Figure 2. Design of IRF5 peptide mimetics.

(A) Homology model of the IRF5 DBD with location of N-terminal peptides and amino acid characteristics. (B) Position of N- and C-terminal peptides highlighted within the full-length IRF5 V5 sequence. The color code is based on the amino acid characteristics defined in A. (C) Biacore T200 SPR analysis of peptide mimetics. Data are representative of 4 independent experimental replicates per peptide. (D and E) IRF5 nuclear translocation quantified in healthy donor PBMCs preincubated with 10 μM peptide for 1 hour and stimulated with 500 ng/mL R848 for 2 hours using imaging flow cytometry. Plots show quantification in CD45⁺CD14⁺ monocytes (D) and CD45⁺CD19⁺ B cells (E). n = 3 independent samples from healthy donors. (F) Kinetics analysis of N5-1 peptide binding to IRF5 by SPR. Data are representative of 4 independent experimental replicates. (G) Purified human monocytes were preincubated with 2.5 μM FITC-PTD, –N5-1, or –C5-2 for 1 hour followed by permeabilization and staining for intracellular IRF3, IRF5, or IRF7 with TRITC-conjugated antibodies. FRET units were calculated from fluorescence emissions (see Supplemental Methods). n = 3 independent samples from healthy donors. (H–L) In vivo monitoring of the interaction between FITC–N5-1 and endogenous IRF3, IRF5, or IRF7 in THP1 cells by acceptor photobleaching FRET microscopy. (H and I) Fold change in donor pixel intensity was monitored in the photobleached regions (J–L) and plotted over time.

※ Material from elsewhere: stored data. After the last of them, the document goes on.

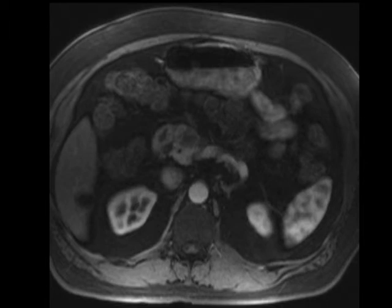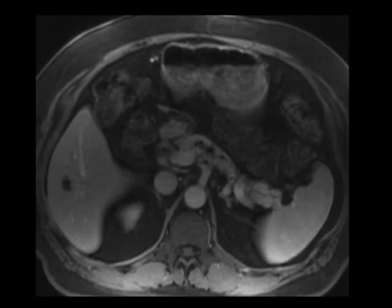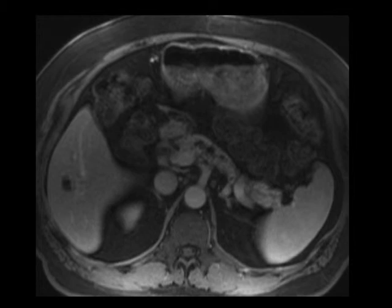This first case is an interesting application for MR. Often we think of pancreatic adenocarcinoma as a diagnosis we primarily make on CT, and I think that's true. But MR does have a role in certain specific indications, particularly when you have a lesion that's hard to see on CT, or when you're trying to exclude a lesion in a patient with low index of suspicion on CT but high clinical suspicion.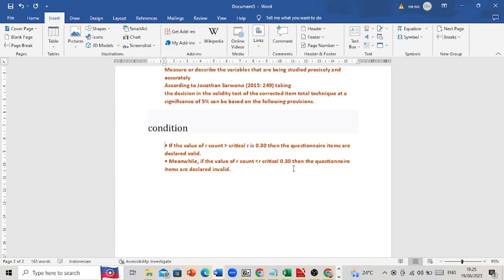If an item is not valid, the questionnaire item should be deleted or replaced with a new question. However, replacing with a new question requires additional steps, so it is preferable to simply delete the invalid questionnaire item.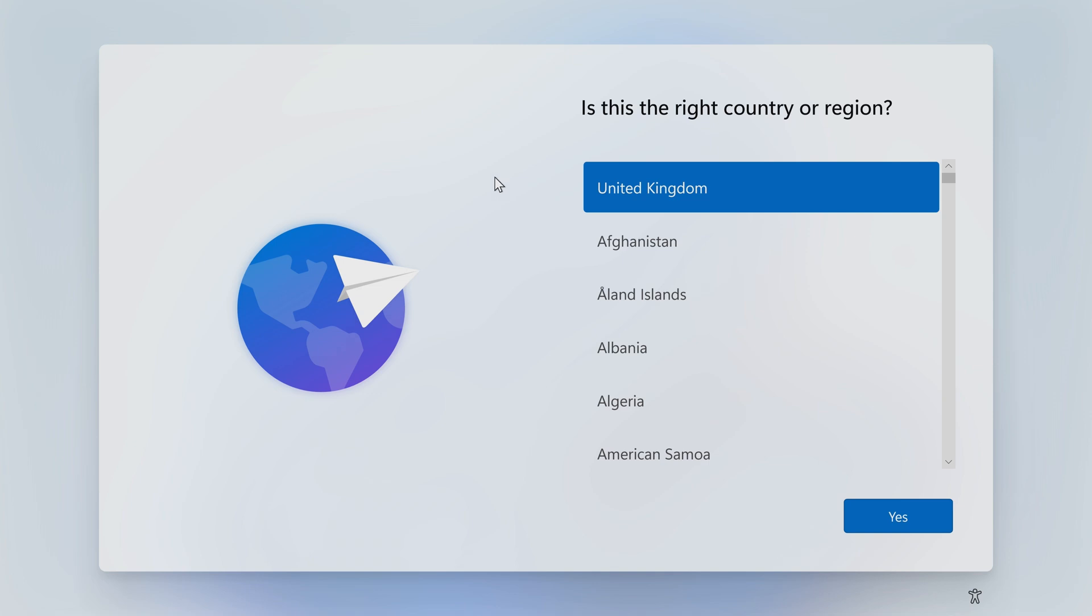Okay, so we've started the Windows 11 Professional installation here, and we've come to the very first splash screen that says, is this the right country or region? Now, it's defaulting to United Kingdom because we're in the United Kingdom, and normally you'd go through the whole usual process, but we're not going to do that.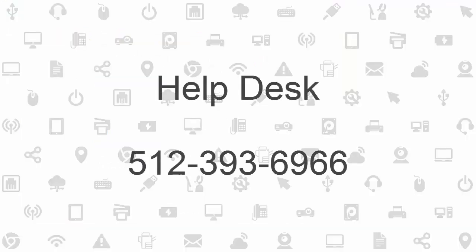If you need additional assistance, feel free to call the Technology Help Desk at 393-6966.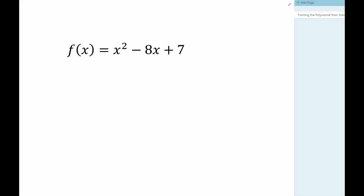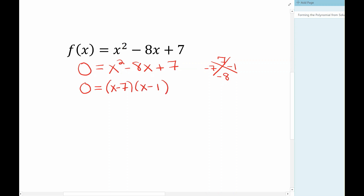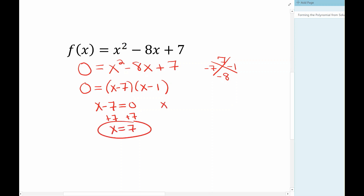Let's have a conversation. Say I have this polynomial function and I ask you to find the solution or find the zeros. What you would do is set the y value equal to zero, then either factor it or use the quadratic formula. Factoring, I'm trying to find something that multiplies to get seven and adds to get negative eight. That would be negative seven and negative one, so (x minus 7)(x minus 1). Setting each equal to zero gives x equals seven and x equals one.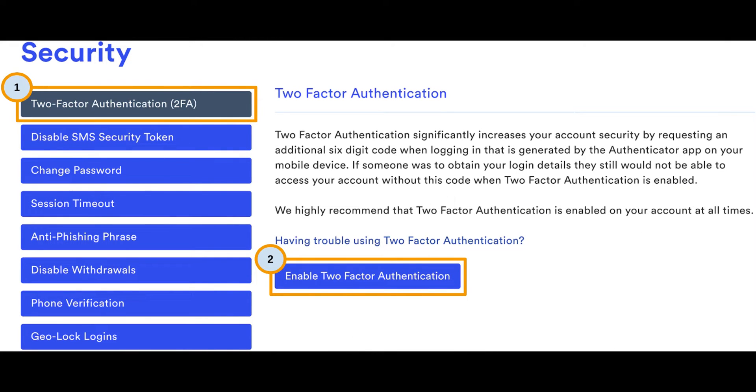Enter the six-digit code generated by Google Authenticator. This code changes every 15 seconds, so make sure to type it quickly in the token bar on your Coinspot account. Then click on Submit to verify the code.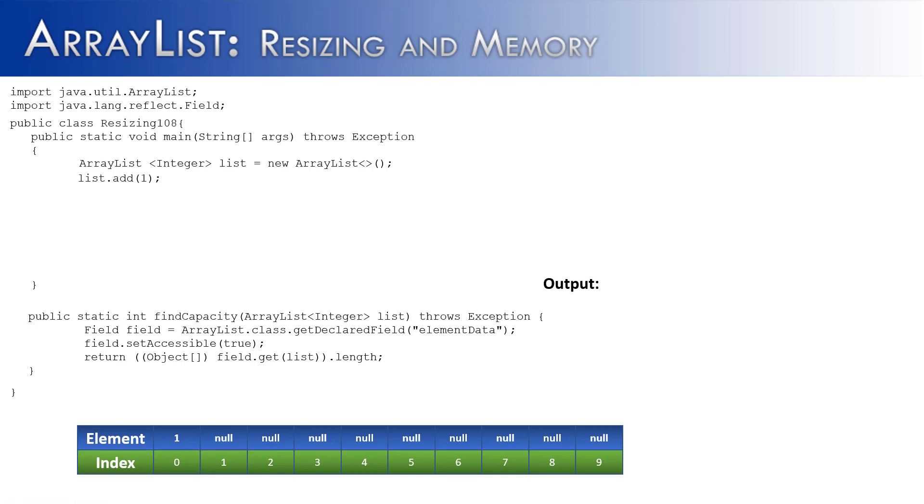In this video, I'd like to look at resizing and memory and how it relates to ArrayList. I've created a class called Resizing108, and inside of there I've created an ArrayList called list, and I've added one element to it.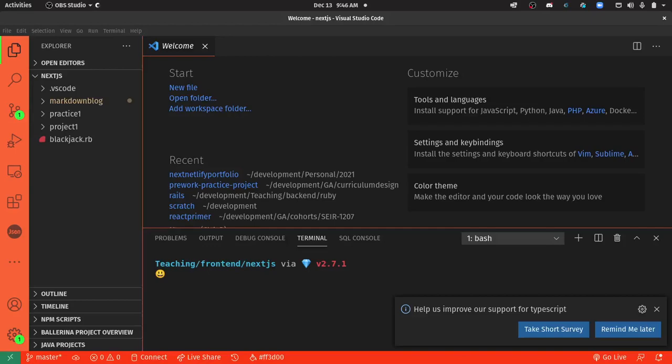Hey everybody, this is Alex Merced from alexmercedcoder.com and this is a video on how to build your developer portfolio website using Next.js.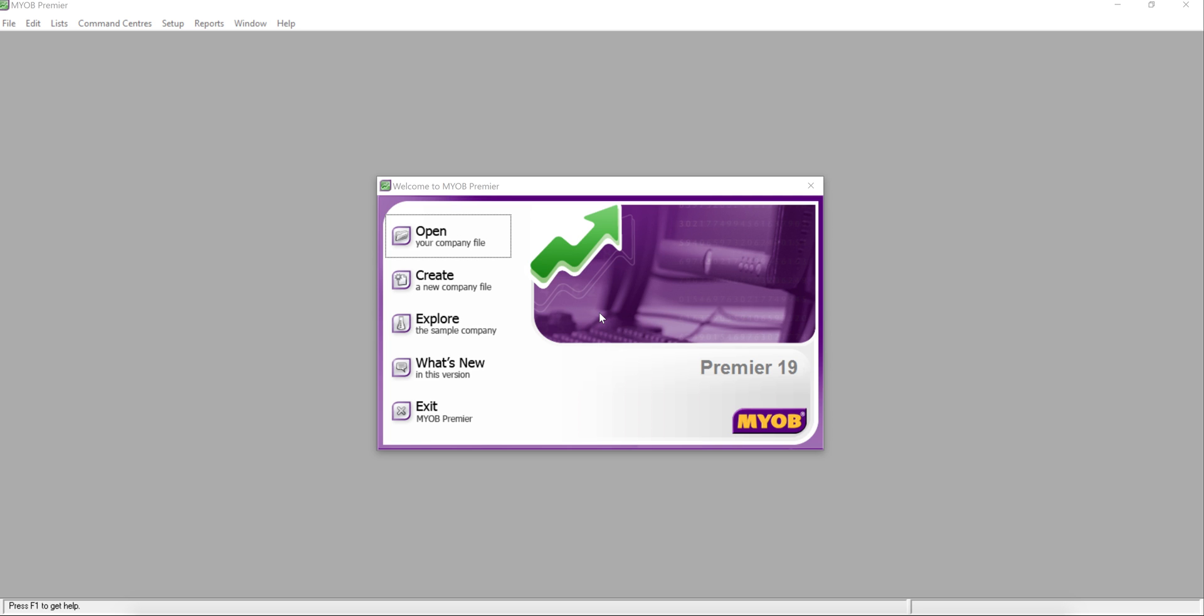After you install MYOB and click the application icon, you will come to this welcome page. This is the page that lets you set up the database.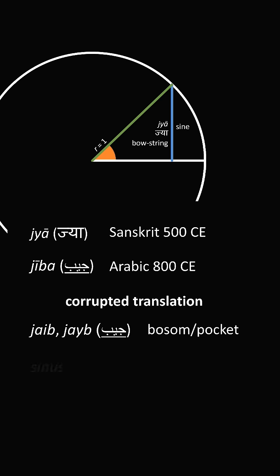This reached Europe around the year 1100 CE and was literally translated into sinus. Now, interestingly, this length right here was called kojya, and of course that refers to the cosine.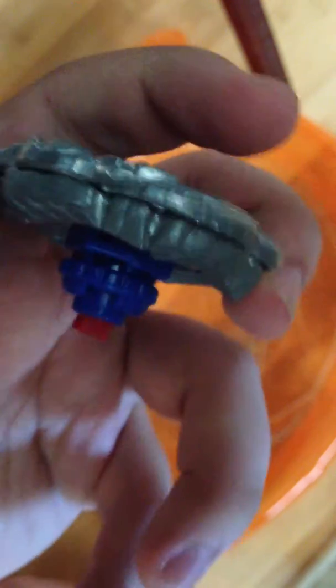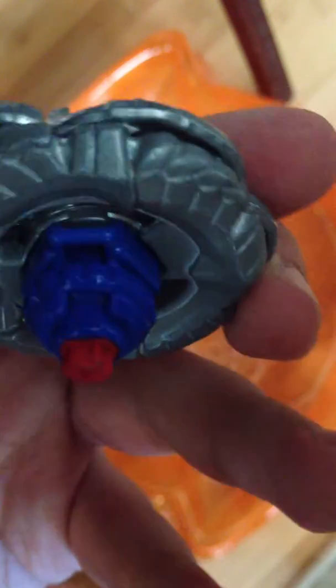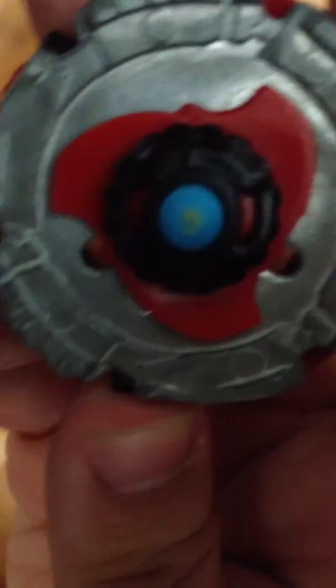This will be a battle between Griffin Pegasus 100 R-squared F and Meteo L-Drago LW-105 RSF. I will start with Meteo L-Drago. It will be a zombie type. Round one.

Photobleached regions are indicated by white arrows. Images were acquired before and after acceptor photobleaching. Representative images of FITC–N5-1 and TRITC-IRF5 (J), TRITC-IRF3 (K), and TRITC-IRF7 (L) are shown (original magnification, ×60). Data are representative of 3 independent biological replicate experiments performed in triplicate. Data represent the mean ± SD. *P ≤ 0.05, **P ≤ 0.01, and ***P ≤ 0.001, by 1-way ANOVA.